La startup de beauté propre AI Good Face Project est la dernière application de recherche d’ingrédients

Trouver des produits comme le déodorant sans aluminium et les soins de la peau sans parfum devient plus facile chaque année, alors que les startups se multiplient dans le monde de la beauté propre. À l’instar des plateformes de recherche d’ingrédients telles que l’application mobile Think Dirty et l’application Skin Deep du Environmental Working Group, The Good Face Project a lancé aujourd’hui son application pour iOS pour aider les consommateurs de beauté propre à faire des recherches sur les ingrédients.

Comme Think Dirty, tous les ingrédients sont répertoriés avec des liens vers les derniers rapports de recherche sur chacun d’eux, qui sont mis à jour fréquemment en fonction des recherches menées par l’IA dans les revues scientifiques. Les produits reçoivent une note de sécurité plus ou moins, suivie du nombre d’ingrédients dans quatre catégories principales: allergènes, irritants, perturbateurs hormonaux et cancérogènes.

Iva Teixeira, cofondatrice et PDG de la société, a déclaré que l’inspiration pour l’application est née en 2017 lorsqu’elle menait des enquêtes auprès des consommateurs sur un projet de conseil pour un grand conglomérat de beauté.

« J’interviewais des femmes dans la trentaine et la quarantaine, qui avaient un revenu plus élevé et qui s’éloignaient en quelque sorte de ce portefeuille de marques », a-t-elle déclaré, refusant de nommer l’entreprise. La principale chose que les répondants ont dit était: «Avant tout,« je veux que mon produit soit propre ».» Selon Teixeira, «je n’avais aucune idée que la beauté propre était une chose à ce moment-là.»

Après avoir été développée pendant deux ans, la société a reçu un financement providentiel cette année alors que la beauté propre est devenue plus courante aux États-Unis. Selon NPD Group, les marques de beauté propre ont enregistré une croissance des ventes de 39% d’une année sur l’autre en 2019, tandis que celles classées comme « naturel »a connu une croissance de 14%.

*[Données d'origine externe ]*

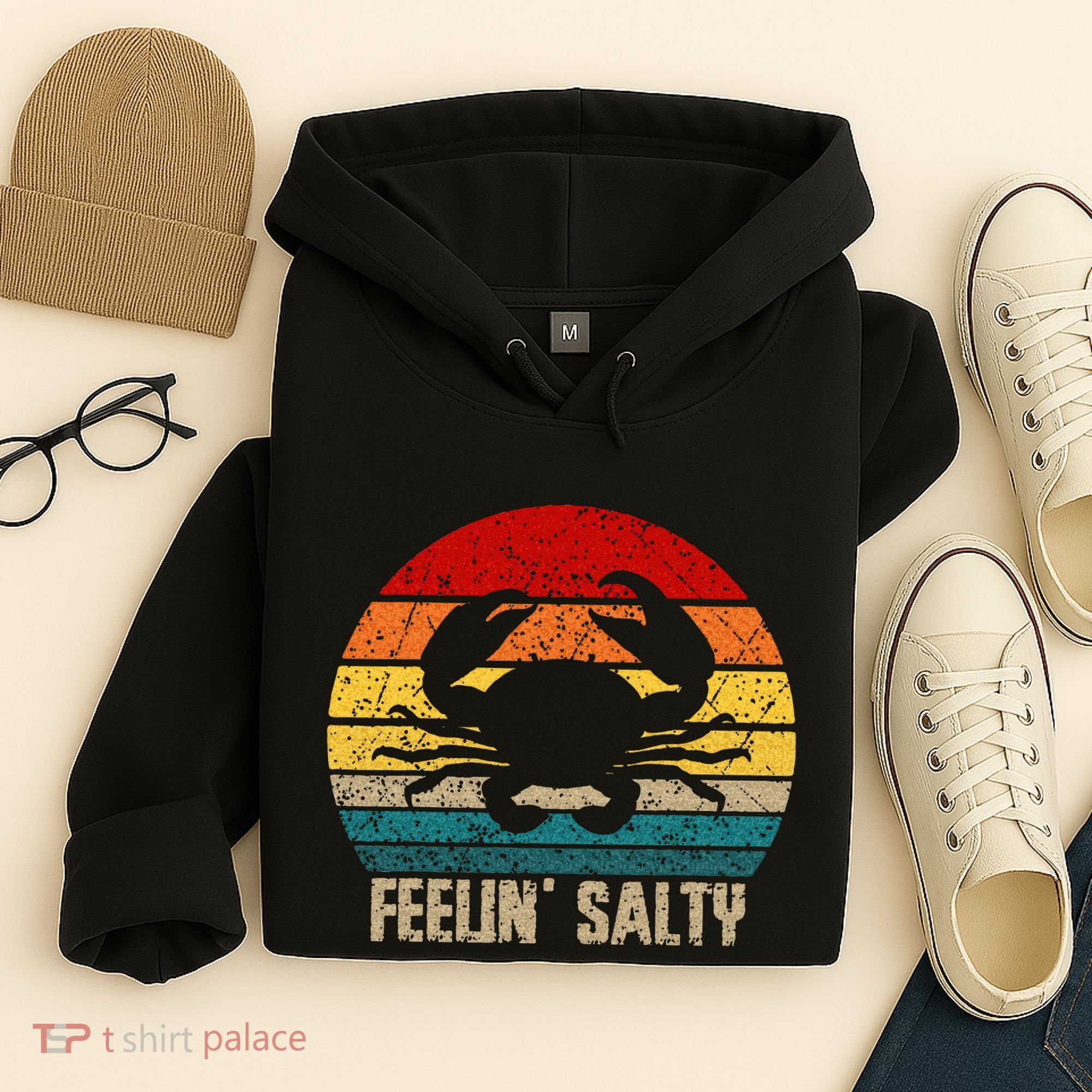 Feelin Salty Maryland Crab Sunset Graphic Hoodie
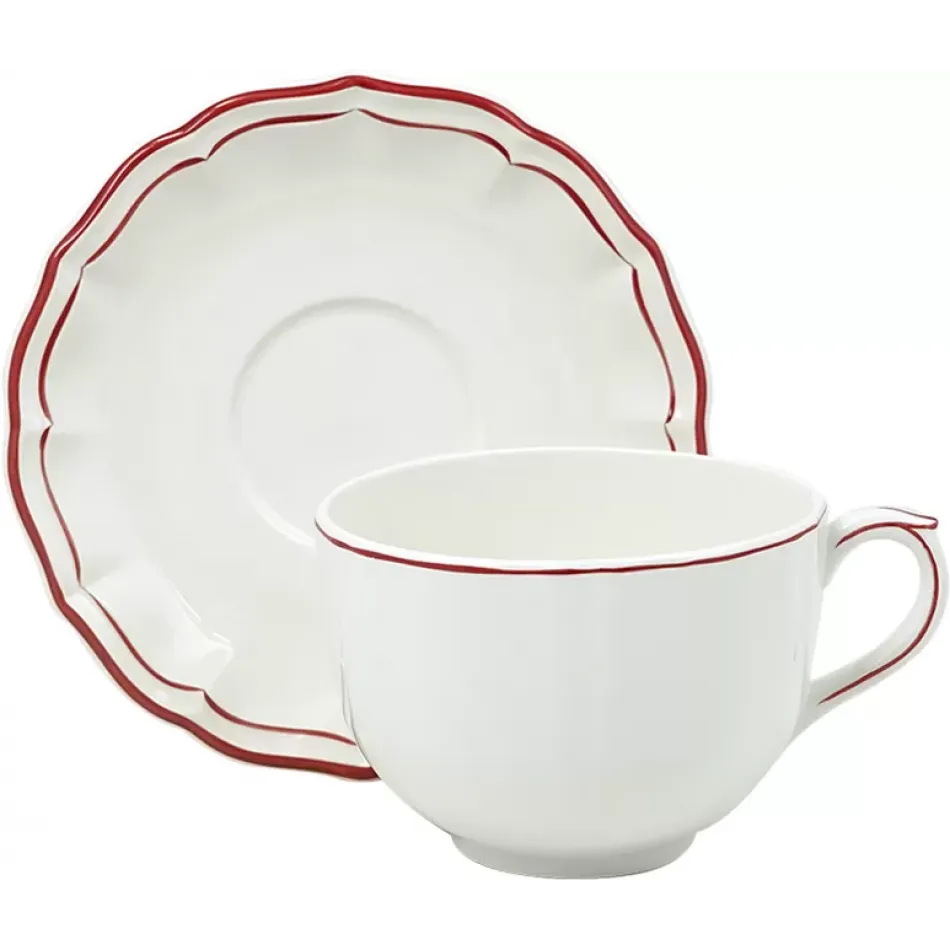 Filet Rouge Jumbo Cup & Saucer 15 1/4 Oz - 7 1/2" Dia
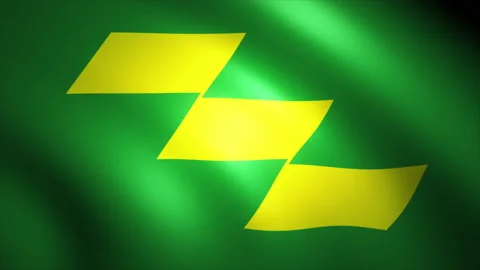 The Flag of Miyazaki Prefecture Waving in the Wind (CG | Zoom Out) Stock Footage 184044601
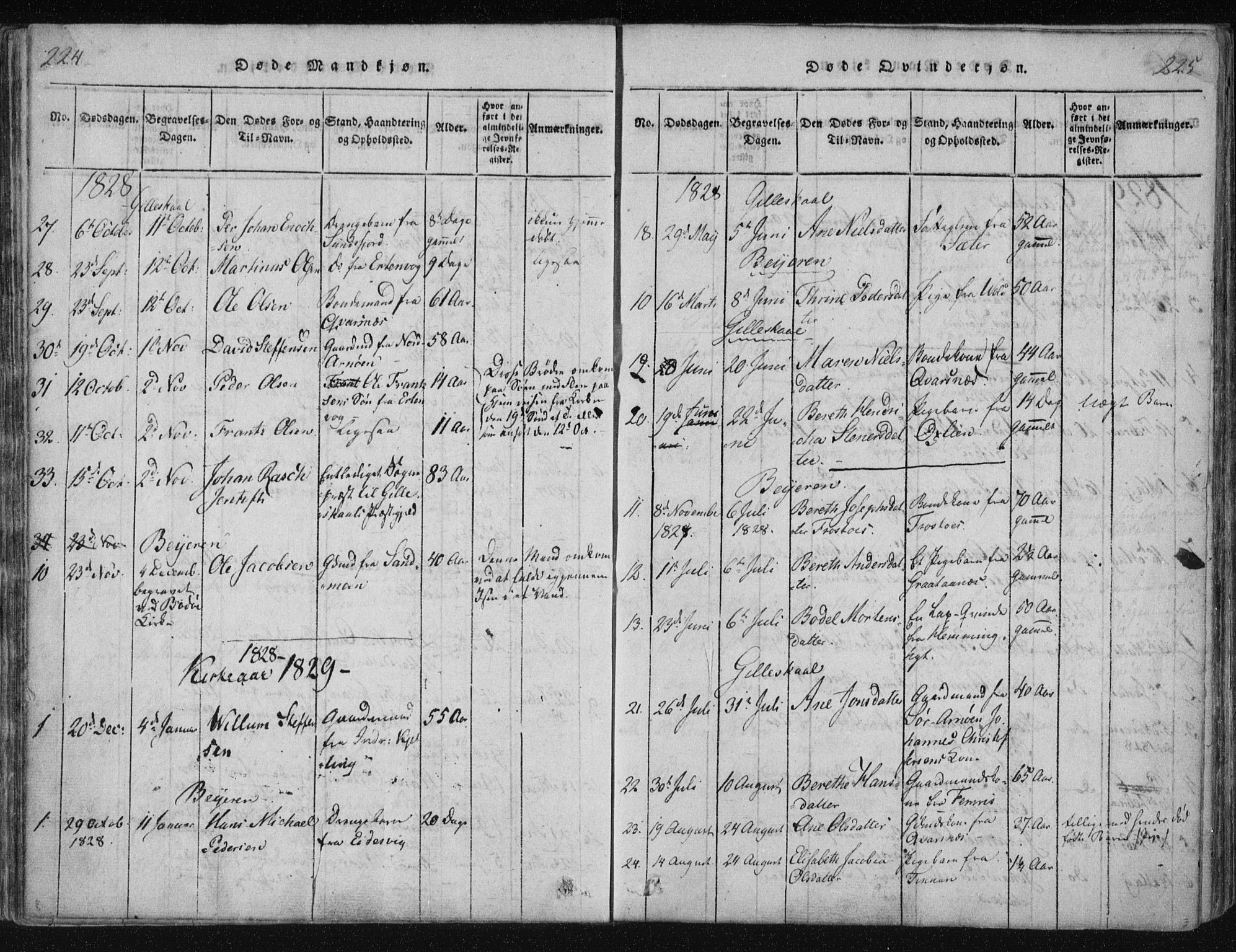 Ministerialprotokoller, klokkerbøker og fødselsregistre - Nordland, AV/SAT-A-1459/805/L0096: Parish register (official) no. 805A03, 1820-1837, p. 224-225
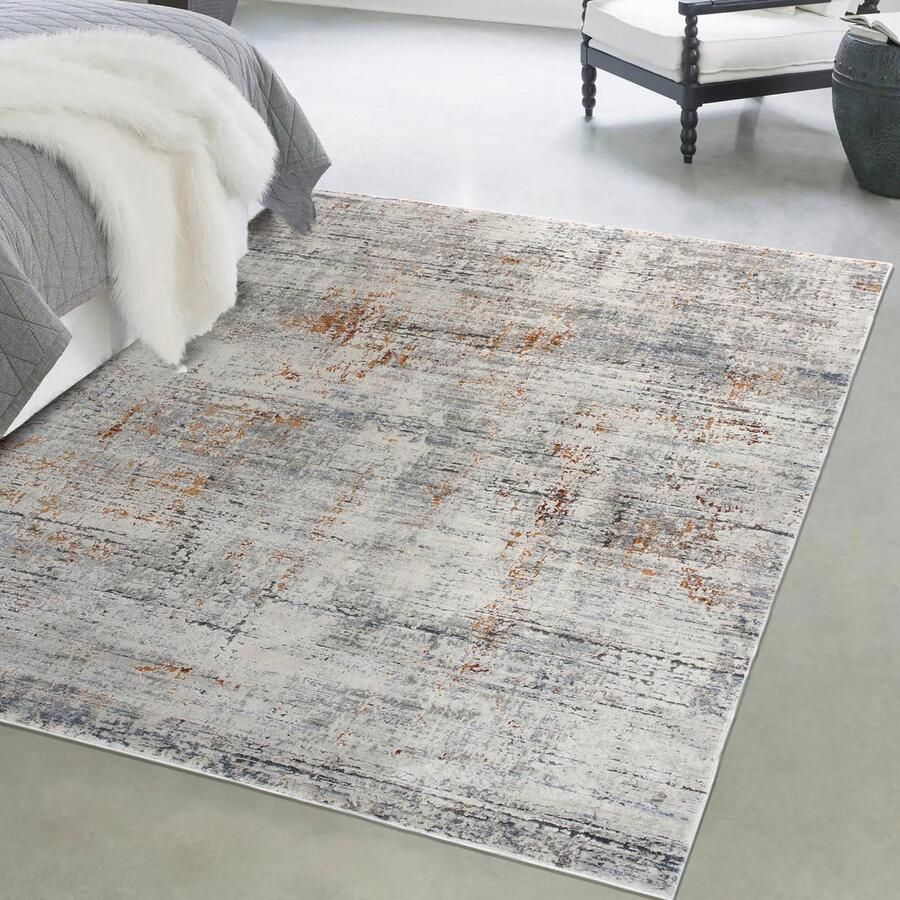 Mazovia Tapijt Grafiet Modern Abstract Woonkamer Rechthoek Voeten Vloerverwarming OEKO-TEX Certificaat Abstract Grijs 200 x 300 cm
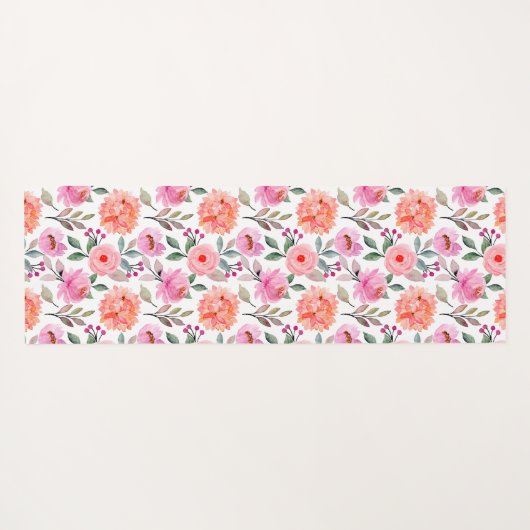 Script Blumendruck Peach Blush Pink Yoga Mat Yogamatte (Rückseite (Horizontal))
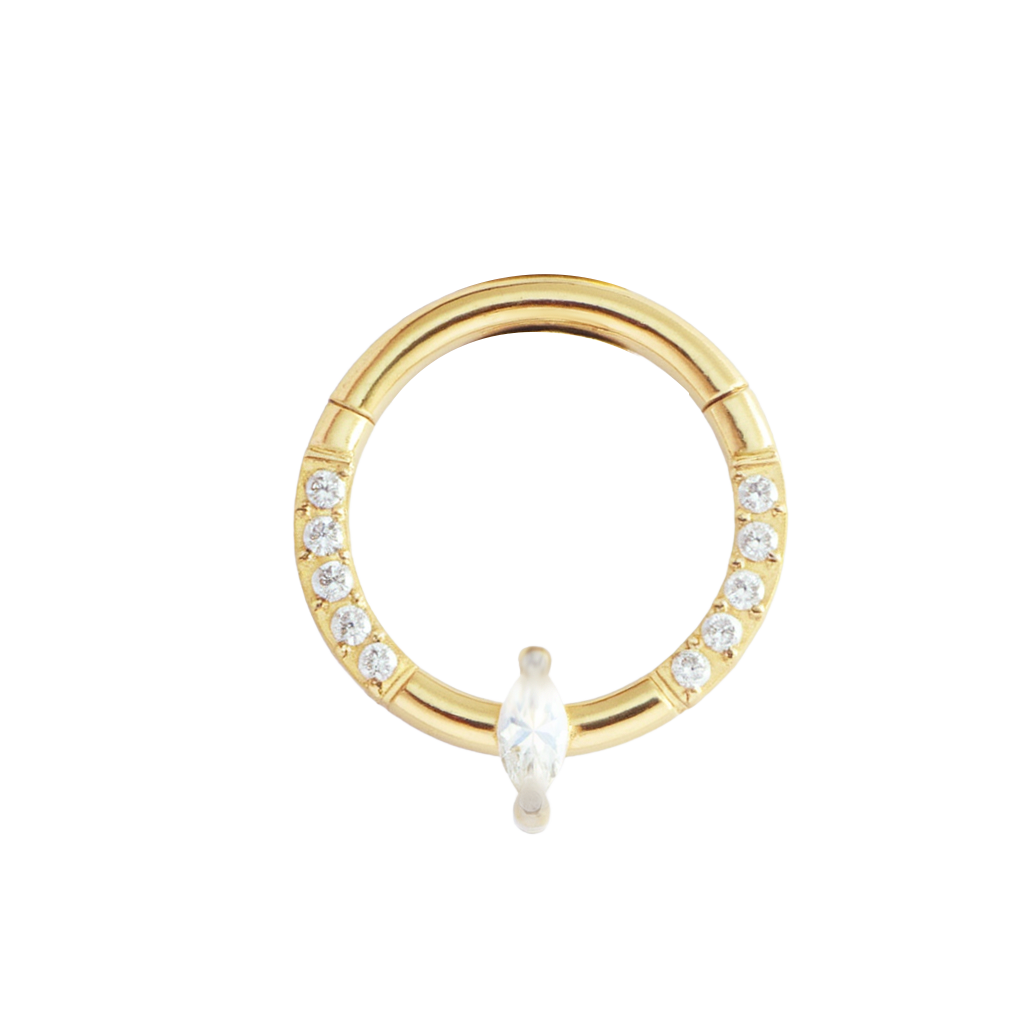 Mnimalist Single Marquise Daith Jewelry Gold Piercing Daith Ring studhoop black gem daith earrings daith hoop earrings daith piercing daith ring septum ring star sterling silver White Cubic Zirconia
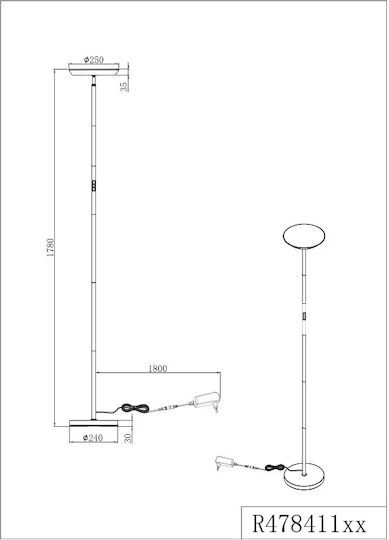 Trio Lighting LED Floor Lamp with Adjustable White Light 1900lm Black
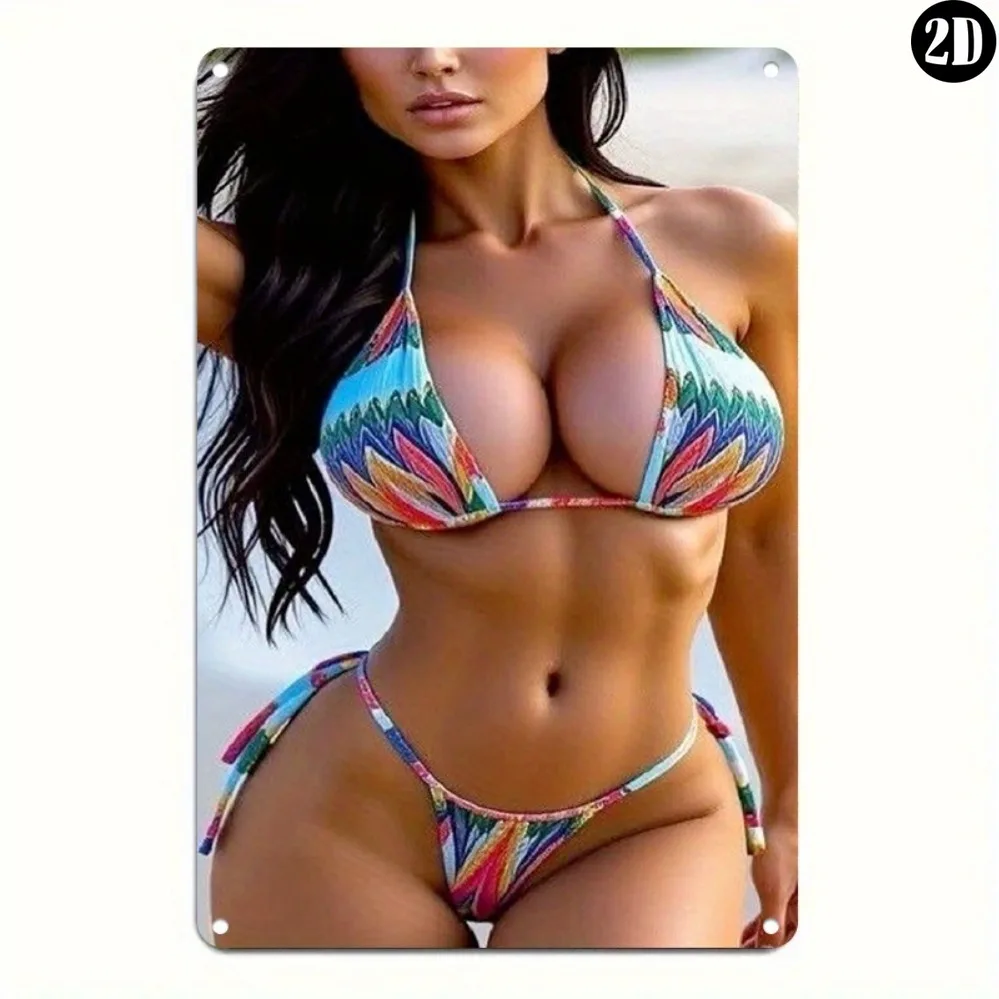 2D FLAT,Vintage Tin Sign Summer Beach Style - Colorful Bikini Beauty Print Wall Art Decor 8x12 Inch 1PC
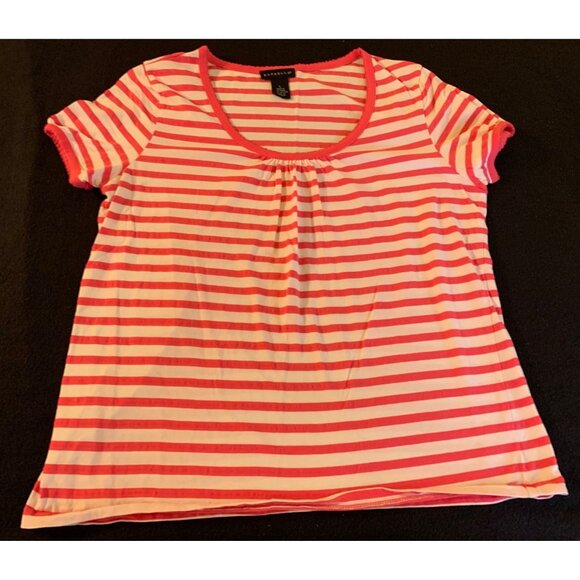 Rafaella Womens Pink & White Striped Cotton T-Shirt Size Large - Picture 1 of 8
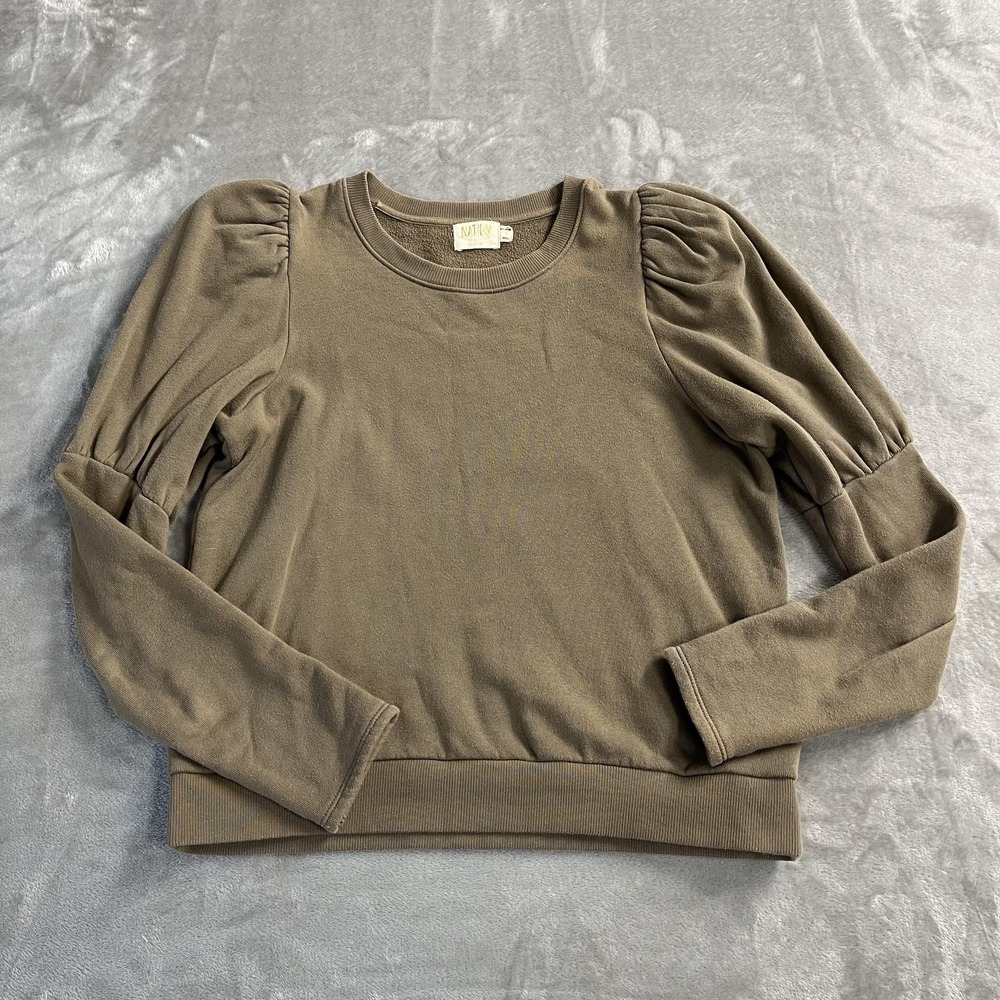 Nation LTD Sweater Womens Small Brown Puff Sleeve Fleece Crewneck Pullover‎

Le modèle commercial de l’application doit servir de source combinée de recherche sur les achats et les ingrédients, avec des liens pour acheter des produits sur des partenaires affiliés, notamment les détaillants Amazon, Ulta, Sephora, Credo Beauty, Follain et Detox Market. Son autre argument de vente est un outil de recommandation de produits basé sur l’IA basé sur les préférences d’un utilisateur individuel, y compris l’âge, le type de peau et les problèmes de peau. L’application recommande des produits aux consommateurs avec un pourcentage correspondant à leur profil.

L’application propose également un index plus approfondi auquel les marques peuvent adhérer si elles souhaitent partager certaines informations avec la plateforme. « Nous révisons leur formule et leur demandons quel pourcentage de concentration de tout ingrédient pourrait être flagrant », a déclaré Teixeira. « Ils doivent nous montrer d’où viennent les ingrédients. » Les marques dont les produits reçoivent le label «Good Face Approved» de l’application incluent Suntegrity, OY-L, Odele et 100% Pure.

Think Dirty, quant à lui, a également des liens commerciaux avec des détaillants comme Sephora et Amazon, ainsi que des liens DTC vers des marques comme Biossance, Blunt Skincare et Basd. Il présente des promotions de marques et de détaillants sur sa page d’accueil, et affiche une divulgation sur les listes de produits indiquant qu’il reçoit parfois une compensation de produits notés.

Certains défenseurs de la beauté propre s’inquiètent du mélange d’informations et de commerce sur ces types d’applications. Selon les fondateurs de l’application, leurs normes incitent les marques à se reformuler afin d’être dignes du label propre.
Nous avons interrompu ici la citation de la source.